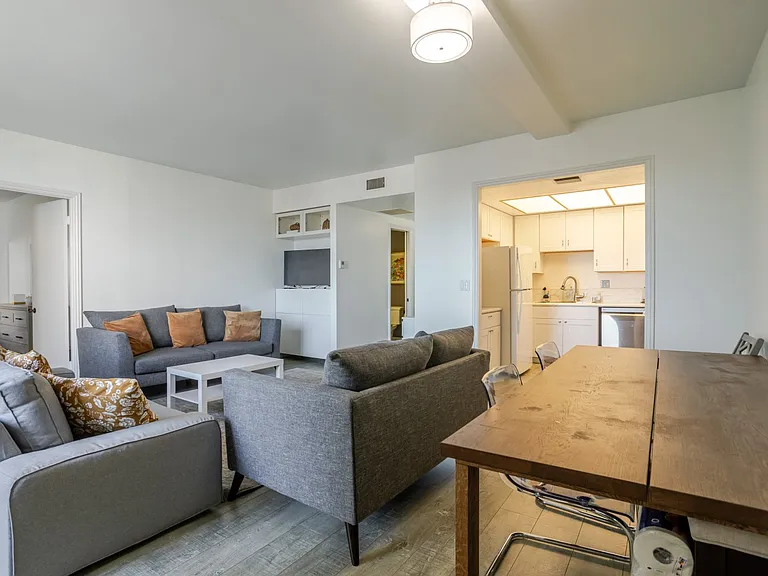 321 S San Vicente Blvd #505 — Photo 11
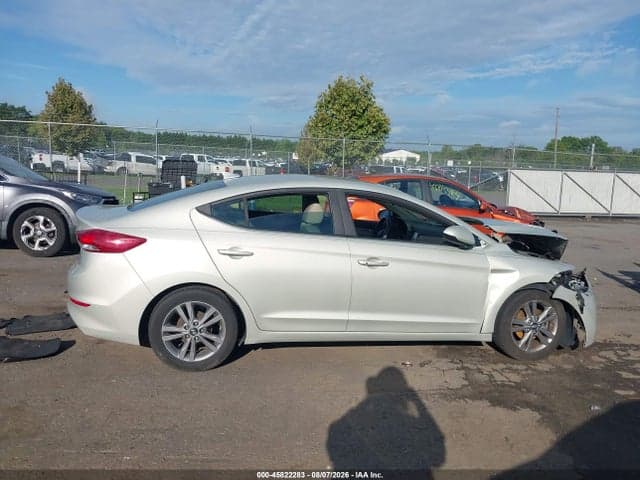 2017 HYUNDAI ELANTRA SE 12
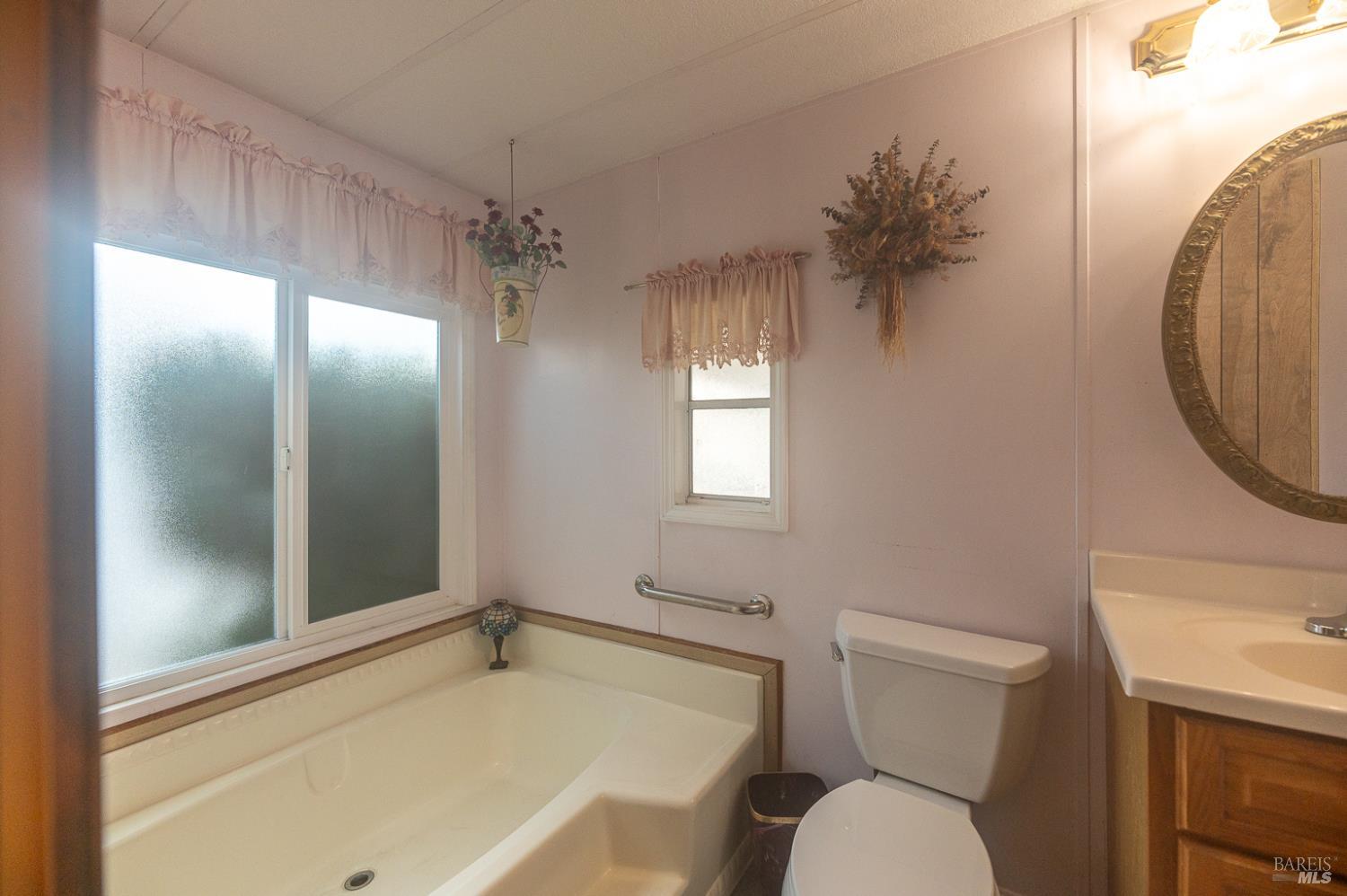 316 Círculo Durango Rohnert Park, CA 94928 - Photo 32 of 33 a bathroom with a sink toilet and shower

--------------------------------------------------

What you need to do
Whenever a line holds a picture, print that line without the picture. All other data must be output exactly.

Solved exercise
 321 S San Vicente Blvd #505 — Photo 11
 2017 HYUNDAI ELANTRA SE 12
 316 Círculo Durango Rohnert Park, CA 94928 - Photo 32 of 33 a bathroom with a sink toilet and shower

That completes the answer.